ASAM Level of Care Assessment Scheduling • ASAM Level of Care Assessment • Reno, Nevada

Can I schedule an ASAM level of care assessment around work in Reno?

In practice, a common situation is when someone has a court date, a work shift, and family pressure all hitting at once, and the real question becomes whether to wait, call now, or ask for clarification before a scheduled attorney meeting. Emilia reflects that pattern. Emilia had a defense attorney email, a case number, and uncertainty about whether a signed release of information was needed for the report to go to the right place. Looking at the route helped her treat the appointment like a real next step.

This is general information; specific needs and safety concerns should be discussed with a qualified professional.

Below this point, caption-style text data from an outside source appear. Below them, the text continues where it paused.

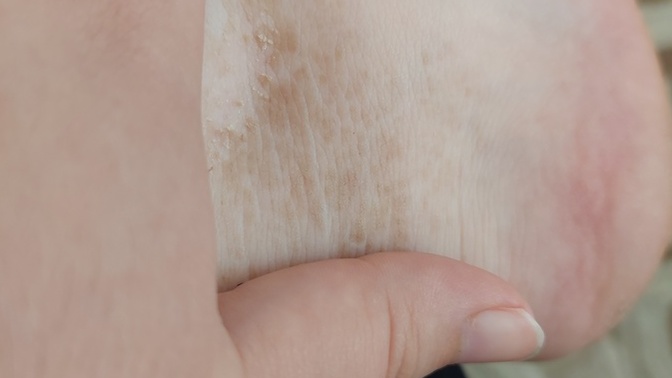 Ayak bileğim niye böyle leke oluyor ve nasıl çıkar?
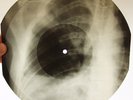 X-Ray 78rpm LESHCHENKO Mischa Foxtrot USSR AUDIO ROENTGEN Ribs Shoulder Bones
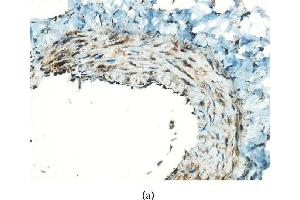 Immunohistochemical staining for MCP-1 in the graft vessels (original magnification x400). (CCL2 抗体  (AA 61-148))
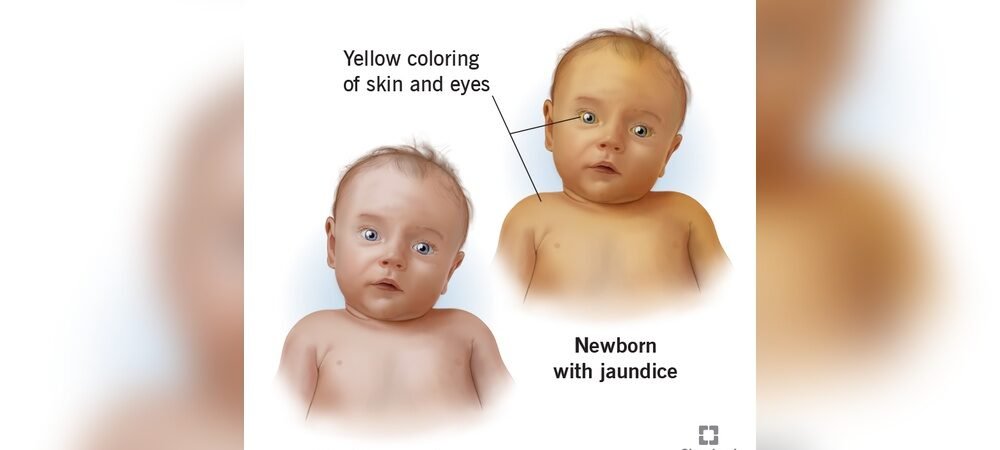 Yellow Skin in Newborn
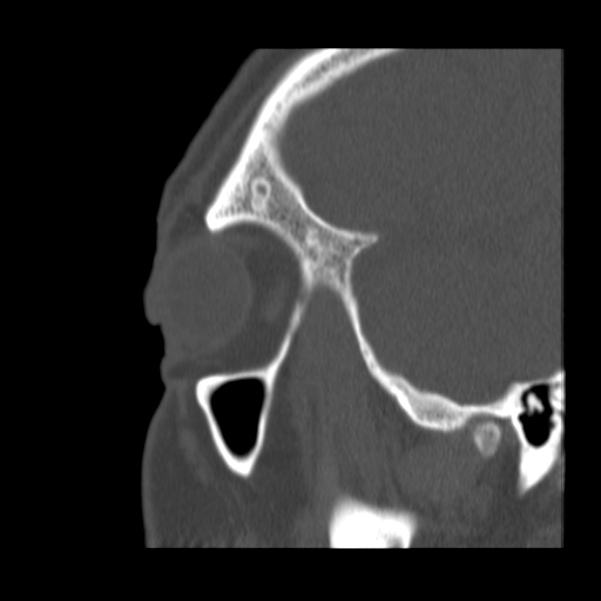 Acute sinusitis (Radiopaedia 23161-23215 Sagittal bone window 12).jpg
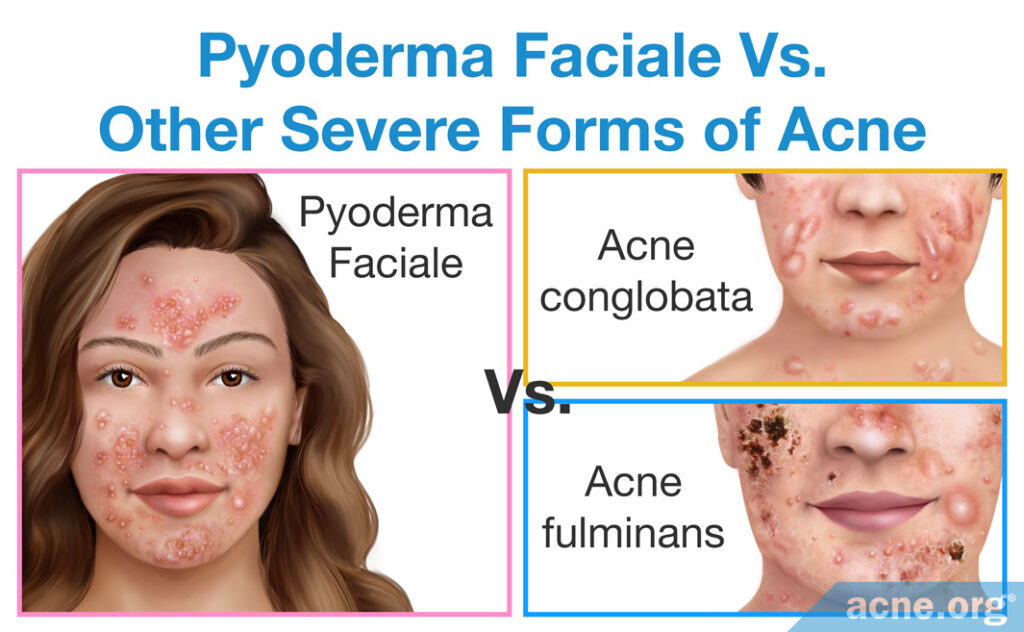 Pyoderma Faciale Vs. Other Severe Form of Acne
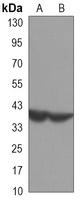 Anti-PRMT6 Antibody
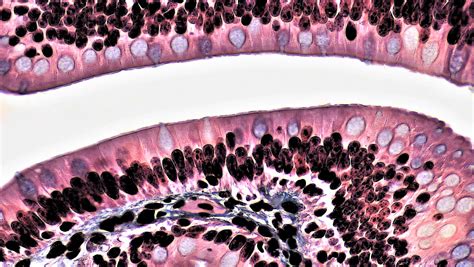 Mammalian Histology: Epithelial Tissues – Berkshire Community College Bioscience Image Library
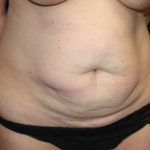 Tummy Tuck Before & After Patient #19952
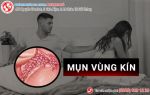 Nổi mụn vùng kín chi chít vì mê “rau sạch”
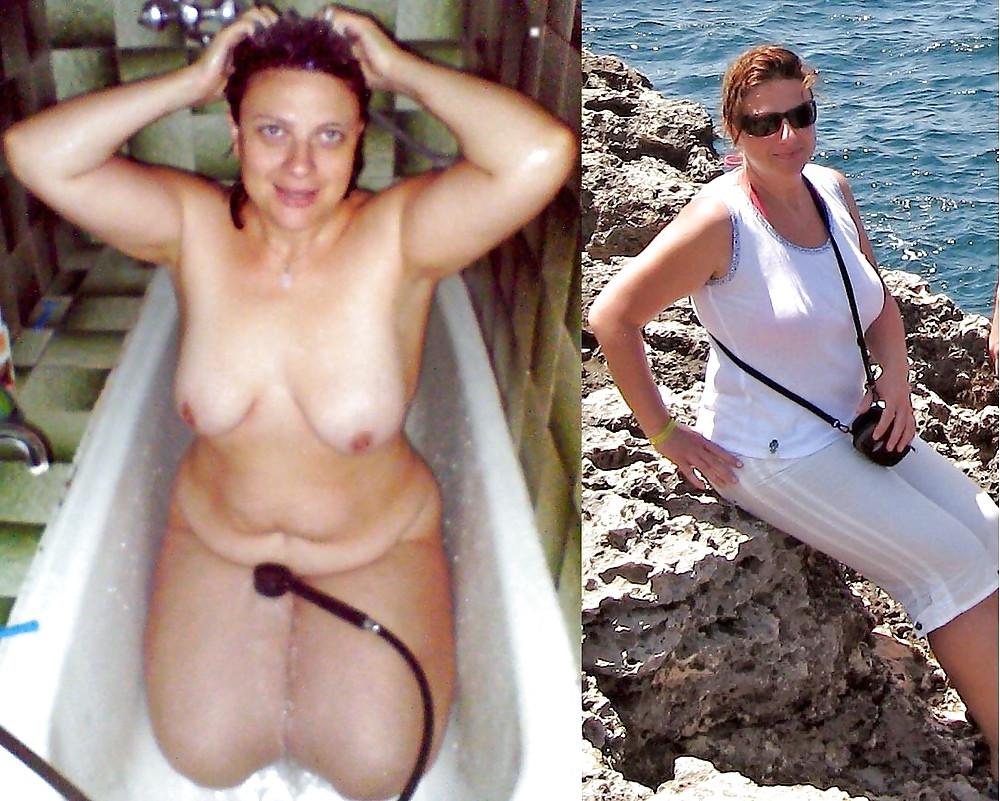 25P CLOTHED & UNCLOTHED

Chad Kirkland, Licensed CADC-S at Reno Treatment & Recovery in Reno, Nevada
Licensed CADC-S • Reno, Nevada
Clinical Review by Chad Kirkland

I’m Chad Kirkland, a Licensed CADC serving Reno, Nevada. I’ve spent 5+ years working with individuals and families affected by substance use and co-occurring concerns. Certified Alcohol and Drug Counselor Supervisor (CADC-S), Nevada License #06847-C Supervisor of Alcohol and Drug Counselor Interns, Nevada License #08159-S Nevada State Board of Examiners for Alcohol, Drug and Gambling Counselors.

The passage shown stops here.